The civic administration has decided to take the help of the lab reports of contaminated water samples. The plan is to replace the pipes from those areas, where the instances of contamination have taken place since last six months.
“The reports have shown that the areas mostly in the old parts of the city, such as Rajarampuri, Shahupuri, Sane Guruji Vasahat and Sambhaji Nagar, have witnessed the water contamination. In the first phase, the pipes from these areas will be replaced,” he said.
At present, the total water distribution network of the city is about 900 kms. Almost one third of this network is 35 to 40 year old. The KMC has started replacing the old pipelines and it claims that it has replaced the old pipelines of around 150 kms.
Before drafting the work for replacing the old pipes, the civic administration has conducted the water audit of the network, which shows that the areas with higher consumption of water are prone to contamination due to leakages caused due to imbalanced water pressure. According to a status report drafted by the water supply network, since January this year around 230 cases of leakages have been found and the KMC has spent Rs 1.5 crore to plug them.
According to the vision document of city development plan drafted in 2011 to meet the needs of the city for next 30 years, about 30% of the water distribution system is outdated due to which the city is facing the problems of contamination due to leakages.
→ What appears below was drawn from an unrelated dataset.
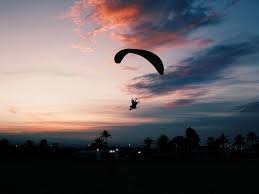 At sunset, skydivers freefall over texas before deploying their parachutes. Hd Wallpaper Silhouette Of Man Parachuting Under Gray Sky Silhouette Photo Of Man Skydiving Landing On Land At Noontime Wallpaper Flare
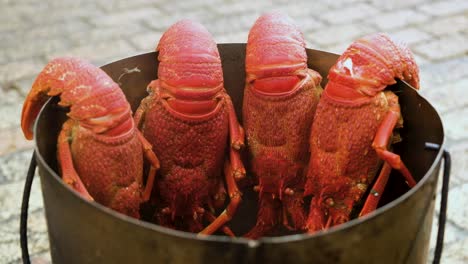 Four-spiny-lobster-hanging-in-steel-pot-after-being-cooked,-steam-escaping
The plan also states that along with the contamination the poor treatment facilities at the Bawada water treatment work which supplies water to the ‘E’ ward area where around 50% of the population resides needs to improvise.
Environmentalist Uday Gaikwad said the real issue before the civic administration is that they do not have the maps of the water supply network and therefore could not undertake the work to replace the old pipes.
“We have suggested that the civic administration should undertake the work from the areas, where frequent water contamination is observed and should not undertake any new water supply work till the work to replace old pipes is completed,” he said.